Maximizes a user defined function within a set of bounds. After the function is sampled a pre-determined number of times, a Gaussian process is fit to the results. An acquisition function is then maximized to determine the most likely location of the global maximum of the user defined function. This process is repeated for a set number of iterations.

Usage

bayesOpt(
  FUN,
  bounds,
  saveFile = NULL,
  initGrid,
  initPoints = 4,
  iters.n = 3,
  iters.k = 1,
  otherHalting = list(timeLimit = Inf, minUtility = 0),
  acq = "ucb",
  kappa = 2.576,
  eps = 0,
  parallel = FALSE,
  gsPoints = pmax(100, length(bounds)^3),
  convThresh = 1e+08,
  acqThresh = 1,
  errorHandling = "stop",
  plotProgress = FALSE,
  verbose = 1,
  ...
)

Value

An object of class bayesOpt containing information about the process.

  • FUN The scoring function.

  • bounds The bounds originally supplied.

  • iters The total iterations that have been run.

  • initPars The initialization parameters.

  • optPars The optimization parameters.

  • GauProList A list containing information on the Gaussian Processes used in optimization.

  • scoreSummary A data.table with results from the execution of FUN at different inputs. Includes information on the epoch, iteration, function inputs, score, and any other information returned by FUN.

  • stopStatus Information on what caused the function to stop running. Possible explenations are time limit, minimum utility not met, errors in FUN, iters.n was reached, or the Gaussian Process encountered an error.

  • elapsedTime The total time in seconds the function was executing.

Arguments

FUN

the function to be maximized. This function should return a named list with at least 1 component. The first component must be named Score and should contain the metric to be maximized. You may return other named scalar elements that you wish to include in the final summary table.

bounds

named list of lower and upper bounds for each FUN input. The names of the list should be arguments passed to FUN. Use "L" suffix to indicate integers.

saveFile

character filepath (including file name and extension, .RDS) that specifies the location to save results as they are obtained. A bayesOpt object is saved to the file after each epoch.

initGrid

user specified points to sample the scoring function, should be a data.frame or data.table with identical column names as bounds.

initPoints

Number of points to initialize the process with. Points are chosen with latin hypercube sampling within the bounds supplied.

iters.n

The total number of times FUN will be run after initialization.

iters.k

integer that specifies the number of times to sample FUN at each Epoch (optimization step). If running in parallel, good practice is to set iters.k to some multiple of the number of cores you have designated for this process. Must be lower than, and preferrably some multiple of iters.n.

otherHalting

A list of other halting specifications. The process will stop if any of the following is true. These checks are only performed in between optimization steps:

  • The elapsed seconds is greater than the list element timeLimit.
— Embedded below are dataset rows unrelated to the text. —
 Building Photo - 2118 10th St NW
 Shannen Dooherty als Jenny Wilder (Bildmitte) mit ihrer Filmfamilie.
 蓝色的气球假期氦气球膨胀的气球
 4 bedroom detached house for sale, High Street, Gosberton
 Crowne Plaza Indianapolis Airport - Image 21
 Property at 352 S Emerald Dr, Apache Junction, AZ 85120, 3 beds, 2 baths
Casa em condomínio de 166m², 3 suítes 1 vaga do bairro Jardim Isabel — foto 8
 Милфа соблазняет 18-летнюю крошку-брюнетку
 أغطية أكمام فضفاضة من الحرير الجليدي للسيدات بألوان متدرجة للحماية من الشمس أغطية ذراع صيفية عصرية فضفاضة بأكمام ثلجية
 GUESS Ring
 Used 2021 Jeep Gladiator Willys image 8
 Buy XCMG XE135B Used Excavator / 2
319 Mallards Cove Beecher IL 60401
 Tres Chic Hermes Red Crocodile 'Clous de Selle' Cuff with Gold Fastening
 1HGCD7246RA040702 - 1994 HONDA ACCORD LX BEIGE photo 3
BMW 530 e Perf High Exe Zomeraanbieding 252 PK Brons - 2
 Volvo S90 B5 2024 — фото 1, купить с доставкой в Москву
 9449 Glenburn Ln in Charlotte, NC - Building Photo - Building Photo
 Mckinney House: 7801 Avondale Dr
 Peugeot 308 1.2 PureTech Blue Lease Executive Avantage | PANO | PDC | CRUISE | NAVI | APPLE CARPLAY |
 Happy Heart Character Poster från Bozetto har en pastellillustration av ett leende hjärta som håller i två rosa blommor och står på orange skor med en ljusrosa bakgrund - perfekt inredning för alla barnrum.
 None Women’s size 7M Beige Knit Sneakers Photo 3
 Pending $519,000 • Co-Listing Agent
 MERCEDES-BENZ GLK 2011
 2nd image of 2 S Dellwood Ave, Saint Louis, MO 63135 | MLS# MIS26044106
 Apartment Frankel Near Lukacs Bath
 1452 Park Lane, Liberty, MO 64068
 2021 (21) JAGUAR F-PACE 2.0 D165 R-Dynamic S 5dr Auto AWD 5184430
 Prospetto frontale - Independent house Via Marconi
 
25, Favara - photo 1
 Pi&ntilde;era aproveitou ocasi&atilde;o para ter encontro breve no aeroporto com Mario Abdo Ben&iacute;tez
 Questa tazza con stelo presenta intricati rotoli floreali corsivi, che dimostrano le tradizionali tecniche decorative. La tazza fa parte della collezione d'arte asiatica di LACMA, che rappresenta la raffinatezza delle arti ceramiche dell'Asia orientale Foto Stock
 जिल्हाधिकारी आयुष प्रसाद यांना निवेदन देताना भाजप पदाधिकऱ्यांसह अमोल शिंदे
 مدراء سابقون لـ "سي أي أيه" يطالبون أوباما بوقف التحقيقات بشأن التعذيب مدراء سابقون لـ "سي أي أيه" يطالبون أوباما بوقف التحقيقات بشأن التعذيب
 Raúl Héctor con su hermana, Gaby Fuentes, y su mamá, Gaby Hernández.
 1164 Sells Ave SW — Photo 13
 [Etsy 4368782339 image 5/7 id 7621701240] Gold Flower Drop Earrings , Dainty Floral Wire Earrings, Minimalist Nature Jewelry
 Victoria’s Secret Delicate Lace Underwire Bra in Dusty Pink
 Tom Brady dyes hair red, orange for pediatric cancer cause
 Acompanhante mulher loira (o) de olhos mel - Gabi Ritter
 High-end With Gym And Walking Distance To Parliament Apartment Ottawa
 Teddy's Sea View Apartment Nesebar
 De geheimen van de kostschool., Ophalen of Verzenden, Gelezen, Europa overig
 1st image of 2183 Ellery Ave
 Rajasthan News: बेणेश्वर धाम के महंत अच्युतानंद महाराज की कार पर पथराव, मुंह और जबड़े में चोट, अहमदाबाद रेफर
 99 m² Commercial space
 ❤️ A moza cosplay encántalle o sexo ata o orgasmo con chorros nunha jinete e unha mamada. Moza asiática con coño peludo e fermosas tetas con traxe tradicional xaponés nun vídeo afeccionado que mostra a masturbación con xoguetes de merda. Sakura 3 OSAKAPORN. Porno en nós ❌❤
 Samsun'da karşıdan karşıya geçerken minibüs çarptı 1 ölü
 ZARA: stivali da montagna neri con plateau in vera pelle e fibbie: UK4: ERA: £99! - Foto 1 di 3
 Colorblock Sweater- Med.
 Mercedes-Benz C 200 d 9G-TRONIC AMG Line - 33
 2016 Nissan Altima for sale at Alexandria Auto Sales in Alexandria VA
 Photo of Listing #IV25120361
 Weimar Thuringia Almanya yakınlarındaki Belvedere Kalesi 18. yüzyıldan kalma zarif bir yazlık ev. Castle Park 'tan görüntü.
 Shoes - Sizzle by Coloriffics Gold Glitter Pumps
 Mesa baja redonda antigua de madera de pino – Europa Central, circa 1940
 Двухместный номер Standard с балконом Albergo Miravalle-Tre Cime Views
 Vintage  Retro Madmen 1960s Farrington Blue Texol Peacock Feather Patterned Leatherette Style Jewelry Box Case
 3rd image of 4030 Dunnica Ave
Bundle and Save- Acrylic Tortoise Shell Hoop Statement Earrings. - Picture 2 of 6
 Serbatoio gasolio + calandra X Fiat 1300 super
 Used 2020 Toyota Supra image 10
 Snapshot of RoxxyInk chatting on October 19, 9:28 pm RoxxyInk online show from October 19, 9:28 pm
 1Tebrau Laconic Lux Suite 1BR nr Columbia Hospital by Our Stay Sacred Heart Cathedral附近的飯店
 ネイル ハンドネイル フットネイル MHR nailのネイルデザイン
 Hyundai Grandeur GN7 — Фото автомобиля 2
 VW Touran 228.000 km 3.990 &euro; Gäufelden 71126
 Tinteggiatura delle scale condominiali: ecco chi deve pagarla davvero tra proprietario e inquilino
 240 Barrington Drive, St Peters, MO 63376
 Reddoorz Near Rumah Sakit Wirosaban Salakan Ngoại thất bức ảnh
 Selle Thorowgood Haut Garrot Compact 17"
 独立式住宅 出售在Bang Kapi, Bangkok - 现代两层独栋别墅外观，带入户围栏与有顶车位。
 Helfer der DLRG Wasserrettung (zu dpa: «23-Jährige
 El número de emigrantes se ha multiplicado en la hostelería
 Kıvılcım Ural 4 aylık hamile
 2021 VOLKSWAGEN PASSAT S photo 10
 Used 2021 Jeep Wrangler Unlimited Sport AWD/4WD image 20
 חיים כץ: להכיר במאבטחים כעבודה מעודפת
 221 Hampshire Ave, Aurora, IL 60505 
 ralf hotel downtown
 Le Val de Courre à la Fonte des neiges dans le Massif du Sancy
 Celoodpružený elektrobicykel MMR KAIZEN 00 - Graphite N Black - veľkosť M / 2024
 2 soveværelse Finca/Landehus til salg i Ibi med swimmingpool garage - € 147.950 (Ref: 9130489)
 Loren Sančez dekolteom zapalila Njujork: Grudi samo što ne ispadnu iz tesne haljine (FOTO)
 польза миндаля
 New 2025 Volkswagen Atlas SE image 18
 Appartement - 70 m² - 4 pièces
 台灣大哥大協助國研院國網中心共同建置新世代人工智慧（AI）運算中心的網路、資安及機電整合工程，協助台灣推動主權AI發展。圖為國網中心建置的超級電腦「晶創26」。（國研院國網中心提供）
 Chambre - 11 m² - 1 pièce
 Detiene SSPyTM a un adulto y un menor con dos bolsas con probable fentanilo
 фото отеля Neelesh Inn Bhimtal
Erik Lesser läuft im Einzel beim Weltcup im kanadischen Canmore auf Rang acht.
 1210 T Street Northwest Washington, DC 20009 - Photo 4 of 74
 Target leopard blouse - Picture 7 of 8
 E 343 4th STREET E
  • The utility expected from the Gaussian process is less than the list element minUtility.

acq

acquisition function type to be used. Can be "ucb", "ei", "eips" or "poi".

  • ucb Upper Confidence Bound

  • ei Expected Improvement

  • eips Expected Improvement Per Second

  • poi Probability of Improvement

kappa

tunable parameter kappa of the upper confidence bound. Adjusts exploitation/exploration. Increasing kappa will increase the importance that uncertainty (unexplored space) has, therefore incentivising exploration. This number represents the standard deviations above 0 of your upper confidence bound. Default is 2.56, which corresponds to the ~99th percentile.

eps

tunable parameter epsilon of ei, eips and poi. Adjusts exploitation/exploration. This value is added to y_max after the scaling, so should between -0.1 and 0.1. Increasing eps will make the "improvement" threshold for new points higher, therefore incentivising exploitation.

parallel

should the process run in parallel? If TRUE, several criteria must be met:

  • A parallel backend must be registered

  • Objects required by FUN must be loaded into each cluster.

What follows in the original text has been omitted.